The Army Corps of Engineers received over $15 billion in emergency funding in response to the 2017 storms.[26] This is against an annual appropriation of less than $7 billion in 2018.[27] The influx of Army Corps of Engineers funding is less a response to natural disasters and more an effect of the congressional earmark moratorium that has been in place for the past eight years. Lawmakers are upset with the lack of progress on water infrastructure projects since the moratorium went into effect. Emergency funding provides a way to get around the earmark ban and send federal taxpayer dollars for infrastructure projects to lawmakers’ districts.[28]

Recent natural disasters are not the only example of abuse of the emergency spending designation. Of the $50 billion in emergency Hurricane Sandy relief, $16 billion went to HUD’s CDBG fund. It received $4.5 billion more in emergency funding than FEMA’s DRF.[29]

In response to Hurricanes Katrina, Rita, and Wilma in 2005, Congress provided nearly $95 billion in emergency appropriations as well as a $17 billion bailout to the NFIP. About half of that money went to FEMA’s response efforts and 92 percent was spent within two years of the storms.[30]

However, there was also much waste and abuse. The Louisiana Road Home program received a $1 billion CDBG program grant. A Government Accountability Office report issued a year after the storms estimated that between $600 million to $1.4 billion in emergency funding was paid improperly or to fraudulent individuals. In one case, $20,000 was paid to an inmate that listed a post office box as his damaged property.[31] In 2013, an inspector general’s report found that $700 million of the money could not be accounted for.[32]

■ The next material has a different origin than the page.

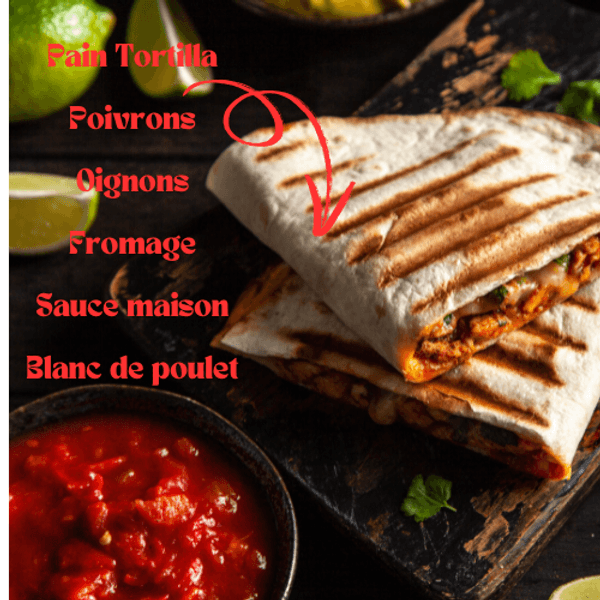 Quesadillas Poulet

Tensions with the Budget Control Act

Perhaps the biggest reason for the recent rise in disaster and emergency spending is the enactment of the BCA. The act implemented discretionary spending caps from 2012–2021, among other provisions.

While the act was intended to reduce spending, it also allowed for certain annual adjustments to be made. These cap adjustments include: disasters, emergencies, overseas contingency operations (OCO, formerly designated as emergency spending), and program integrity initiatives.

In addition to Congress amending the caps to increase spending, they have also exploited these cap adjustments to circumvent the limits. Since the enactment of the BCA the average annual amount of supplemental disaster funding has more than quadrupled.

Supplemental emergency funding has been on an upswing as well. In the five years prior to the enactment of the BCA, emergency funding averaged $22.5 billion per year. From 2012–2018 that annual average increased to $29 billion per year.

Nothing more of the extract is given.